Strong domain generalizability—the same framework is applicable to humans, animals, and human-object interactions, requiring only domain-specific 2D pose sequences and no skeleton or template priors (SMAL for animals / SMPL for humans are only utilized in post-processing).

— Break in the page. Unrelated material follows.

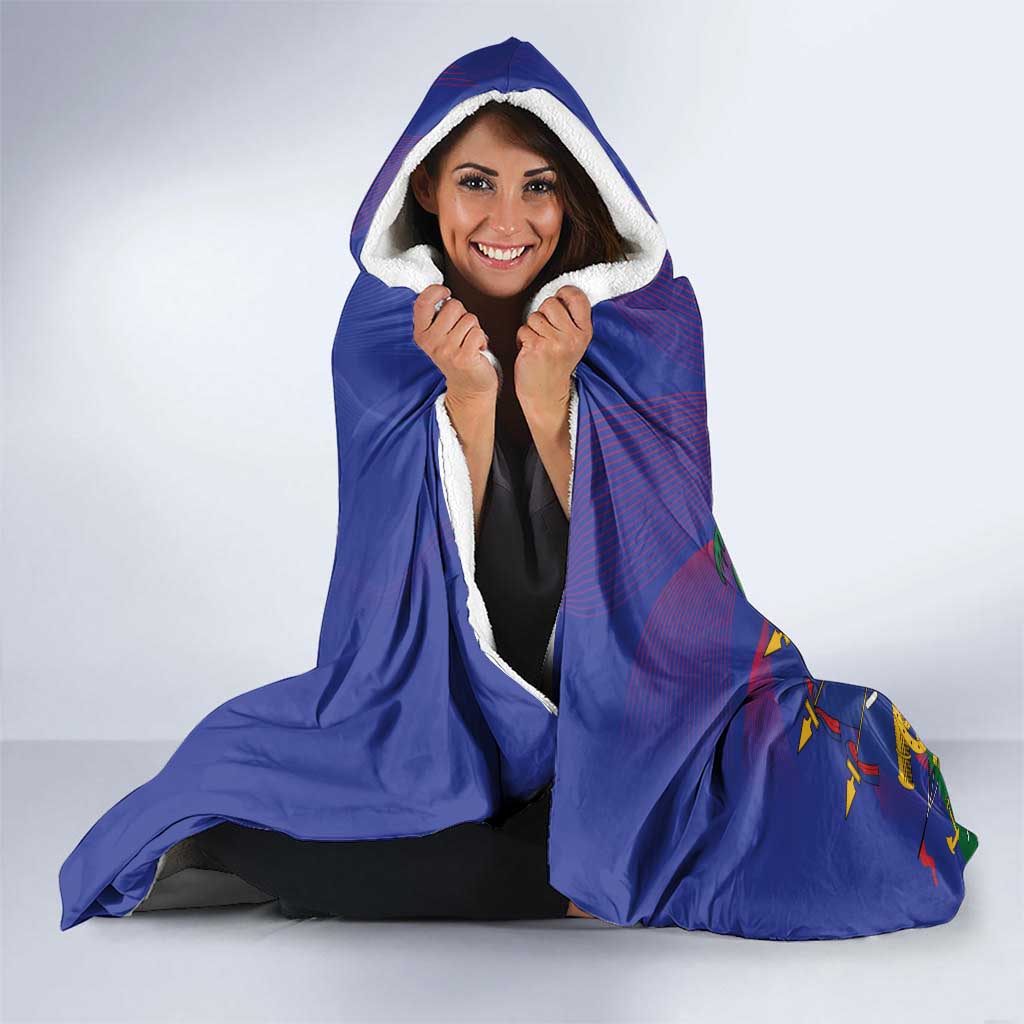 Haiti World Football 2026 Hooded Blanket Go Les Grenadiers - Wonder Print Shop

Limitations & Future Work¶

The four-stage training pipeline is complex, and the optimization in Stage 2 is particularly time-consuming.
The optimization results in Stage 2 cannot be guaranteed to perfectly align with the input 2D sequence, only ensuring motion realism.
The quality of the 3D motion in the synthetic data directly limits the performance upper bound of the Stage 4 model.
Joint visibility under severe occlusion remains unaddressed.
The camera arrangement strategy (equispaced circular ring) is relatively fixed, whereas actual scenarios may feature more complex camera distributions.
Exploring end-to-end training to replace the multi-stage pipeline could reduce error accumulation.

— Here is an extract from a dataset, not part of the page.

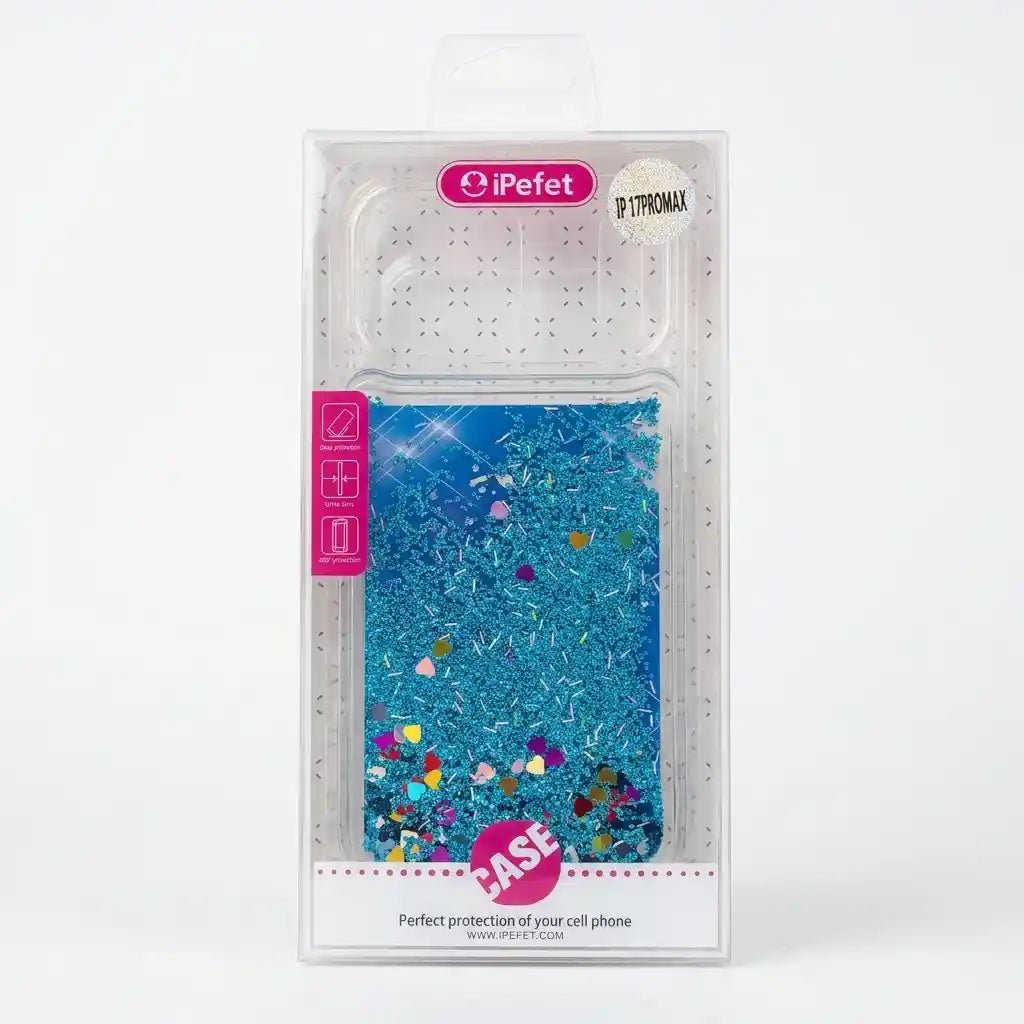 iPhone 17 Pro Max Glitter Cover & Case - Dohans Essentials - Glitter 2 - qatar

vs WHAM: WHAM trains its global trajectory prediction module on 3D datasets like AMASS, showing poor generalization to out-of-distribution motions. MVLift, without 3D data, outperforms it by 2.4x in root trajectory accuracy, although MPJPE is slightly inferior (110.7 vs 104.8).
vs MAS: MAS optimizes 3D motion using an unconditional 2D motion diffusion model, but cannot generate consistent multi-view sequences and does not support global trajectories. MVLift resolves both issues via line-conditioning and multi-view consistency constraints.
vs ElePose: ElePose simultaneously predicts 3D poses and cameras using projection loss + a 2D pose prior, but training is unstable and often produces unrealistic poses. MVLift constrains generation quality much better through diffusion model priors.
Insights: The concept of progressive establishment of multi-view consistency can be transferred to other tasks like 3D object reconstruction.

Rating¶

Novelty: ⭐⭐⭐⭐⭐ First to achieve full global 3D motion estimation without 3D supervision, with an ingeniously designed multi-stage progressive strategy.
Experimental Thoroughness: ⭐⭐⭐⭐⭐ Tested on 5 datasets across 3 domains (human/animal/interaction), including human perception experiments and detailed ablations.
Writing Quality: ⭐⭐⭐⭐ The four-stage framework is clear, though it contains many details that require careful reading.
Value: ⭐⭐⭐⭐⭐ Tackles the long-standing "2D-to-3D motion lifting without 3D supervision" problem, offering broad application prospects.